GIVEN INFORMATION Start Marker
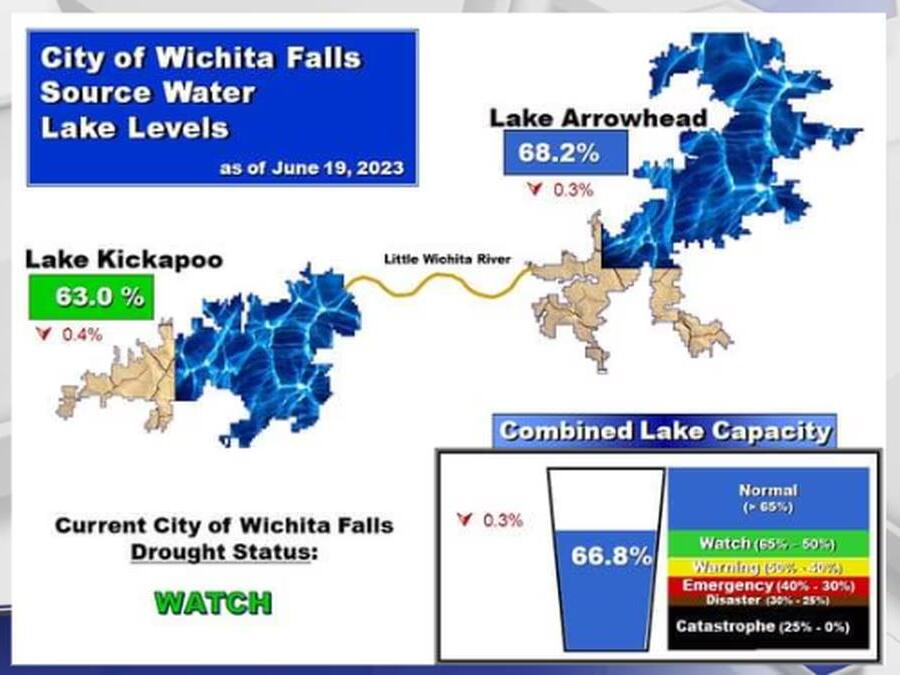 City of Wichita Falls encourages residents to conserve water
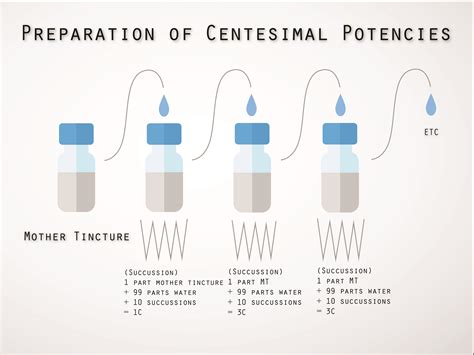 what does potency mean.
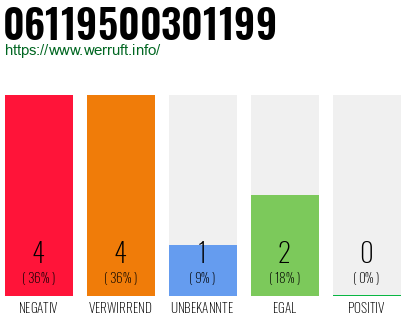 Rufnummer 06119500301199 Telefonnummer 06119500301199
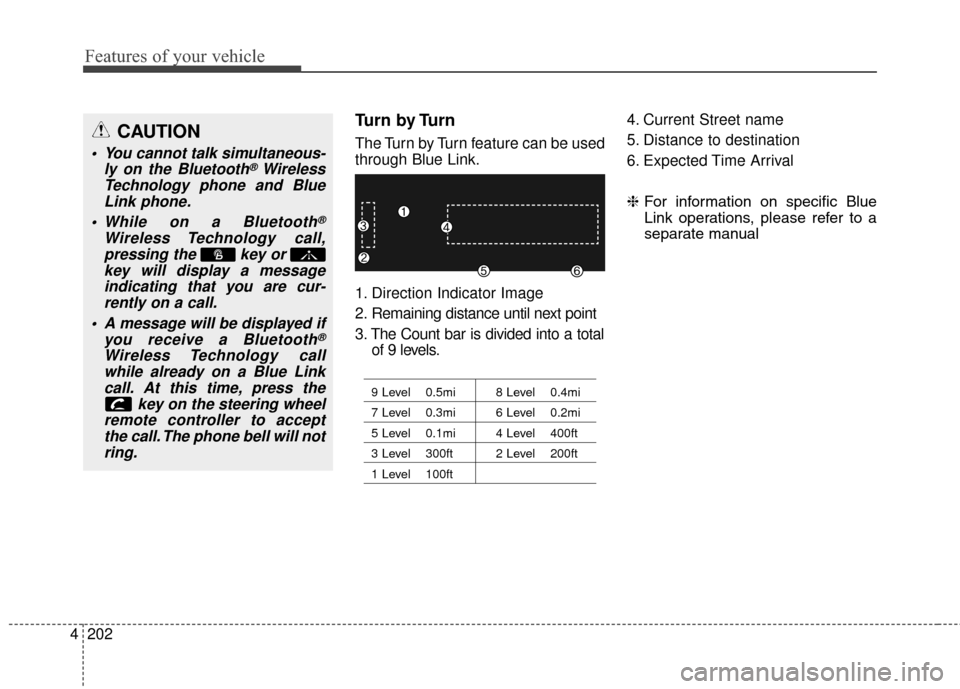 Hyundai Elantra GT 2016 Owners Manual Features of your vehicle
202
4
Turn by Turn
The Turn by Turn feature can be used
through Blue Link.
1. Direction Indicator Image
2. Remaining distance until next point
3. The Count bar is divided into Hyundai Elantra GT 2016 Owners Manual Features of your vehicle
202
4
Turn by Turn
The Turn by Turn feature can be used
through Blue Link.
1. Direction Indicator Image
2. Remaining distance until next point
3. The Count bar is divided into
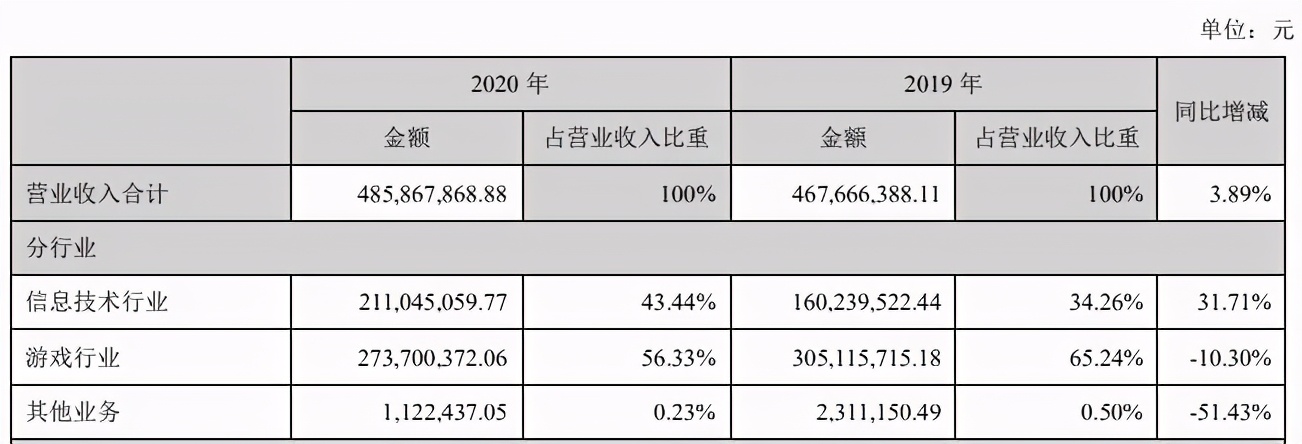 腾讯联合优酷爱奇艺等抵制无版权剪辑 | 三文娱周刊第172期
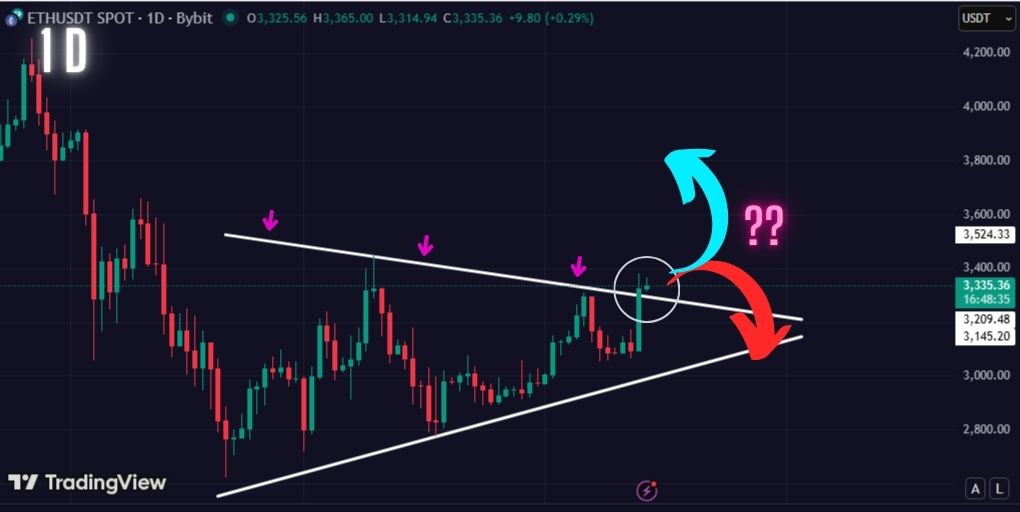 Decision time for Ethereum. Can the bulls sustain the breakout?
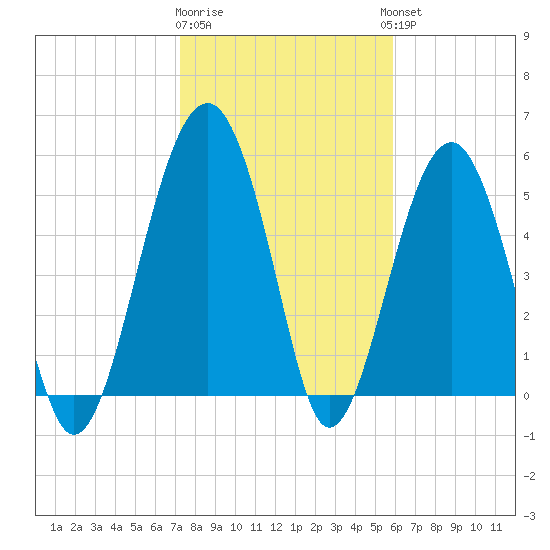 Mosquito Creek tide chart for Monday, January 31, 2022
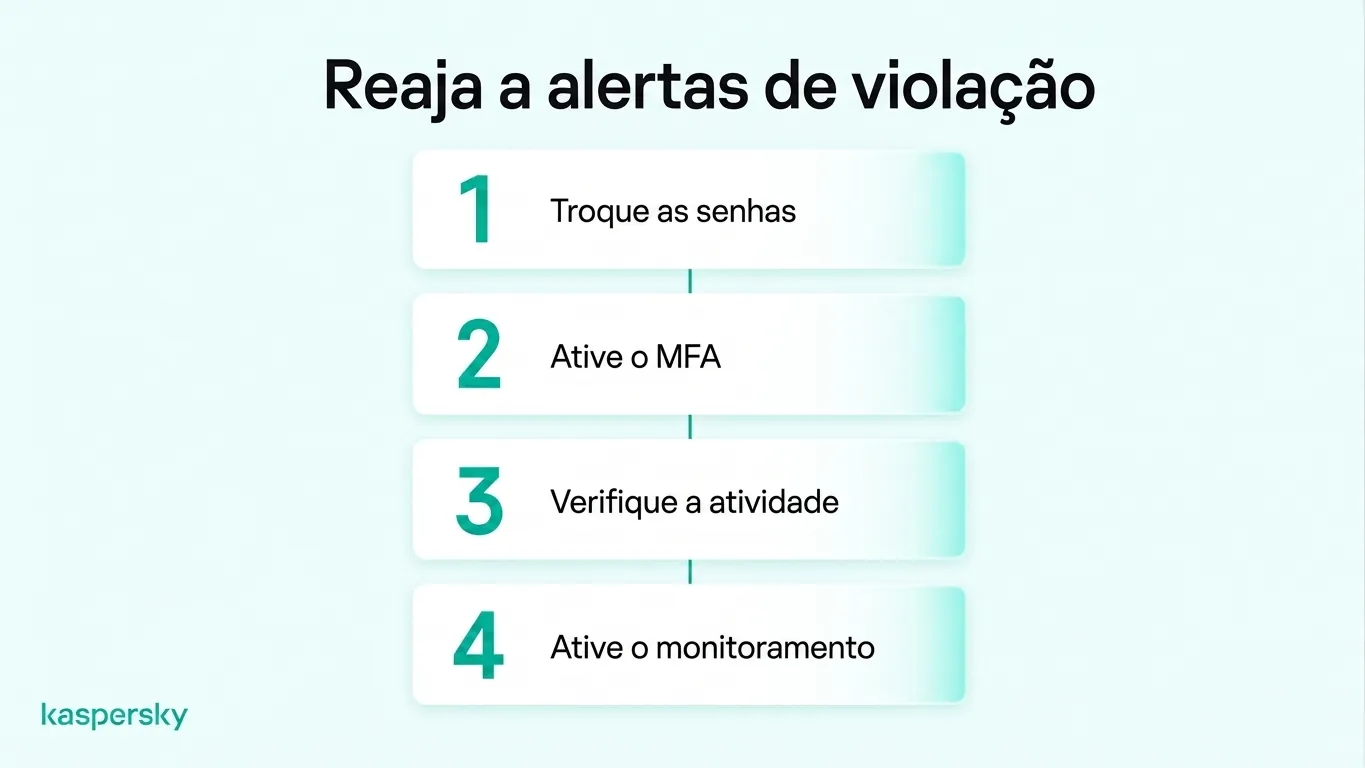 Infográfico sobre alertas de vazamento de dados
GIVEN INFORMATION End Marker
(INSTRUCTIONS FOR THE TASK) Would you copy out the data exactly, leaving every picture out?

(ANSWER FOR THE TASK)
 City of Wichita Falls encourages residents to conserve water
 what does potency mean.
 Rufnummer 06119500301199 Telefonnummer 06119500301199
 Hyundai Elantra GT 2016 Owners Manual Features of your vehicle
202
4
Turn by Turn
The Turn by Turn feature can be used
through Blue Link.
1. Direction Indicator Image
2. Remaining distance until next point
3. The Count bar is divided into Hyundai Elantra GT 2016 Owners Manual Features of your vehicle
202
4
Turn by Turn
The Turn by Turn feature can be used
through Blue Link.
1. Direction Indicator Image
2. Remaining distance until next point
3. The Count bar is divided into
 腾讯联合优酷爱奇艺等抵制无版权剪辑 | 三文娱周刊第172期
 Decision time for Ethereum. Can the bulls sustain the breakout?
 Mosquito Creek tide chart for Monday, January 31, 2022
 Infográfico sobre alertas de vazamento de dados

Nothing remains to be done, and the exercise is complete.